Sunday, December 20, 2009
THE HURT LOCKER Film Review
by Brian Holcomb
A tough war picture in the tabloid journalist tradition of Samuel Fuller, The Hurt Locker avoids most of the sentimentalizing and editorializing of other recent films about Iraq. It focuses instead on the human drama of a trio of characters living under the sword of Damocles. Members of a bomb disposal unit, these men live moment to moment counting the days before their tour is up. Well, at least two of them. Their new Team Leader, Sgt. First Class William James (Jeremy Renner) is a guy with that thousand yard stare. He's the "man in the suit", the one who is sent into harm's way to actually diffuse the IEDs. While Sgt. Sanborn (Anthony Mackie) and Specialist Eldridge (Brian Geraghty) sweat the days out, James seems like he's right in his element. If war is a drug, then William James is an addict.
While most films about war either glorify it or more often than not attempt to make a statement as banal as "war is hell", The Hurt Locker avoids that by just getting on with it. It simply takes place in a hellish, harsh environment full of paranoia and where the action is both exciting and terrifying at the same time. This isn't a film with designer violence but it doesn't avoid the ugly beauty of that violence either.
What really makes the film work is that Kathryn Bigelow directs it as a nail biting suspense picture rather than a war film. Like Clouzot's The Wages of Fear we watch breathlessly as James looks through wires as tangled as a plate of spaghetti. Bigelow cuts to random locals watching or walking by who may be the enemy waiting for the right moment to pull the trigger. No one can be trusted and the environment is just as threatening-landmines could be anywhere but the sand and heat do their best to make man extinct by itself.

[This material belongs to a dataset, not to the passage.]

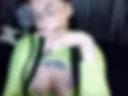 slutty california teacher no limit fetish play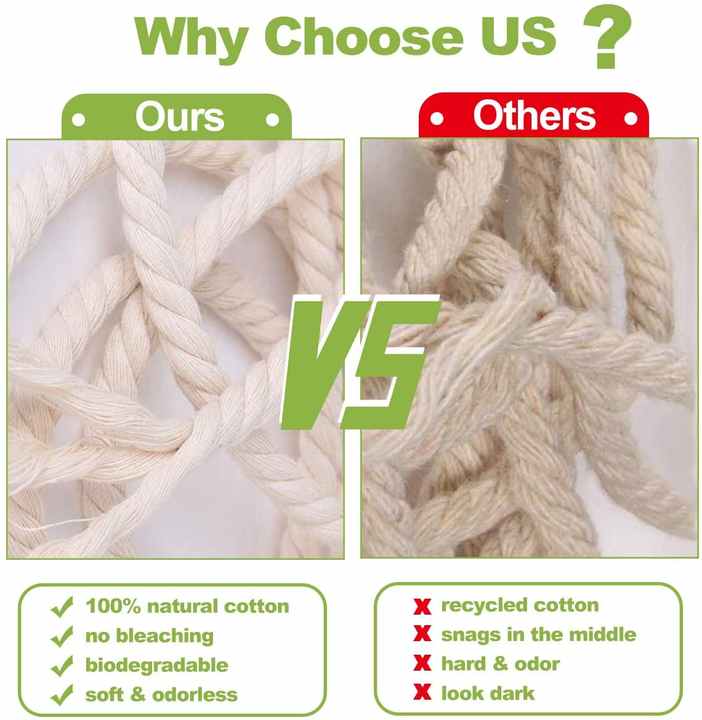 Wholesale handmade wall decorations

William James is the film's central mystery. What exactly makes this man tick? Smartly, screenwriter Mark Boal and Bigelow do not answer this or even allow James to explain himself at all. We can see it in his face when he goes home for a short break. The way he looks at his wife and the dislocation he feels standing in the frozen foods section of the local supermarket. He's going cold turkey and needs a fix.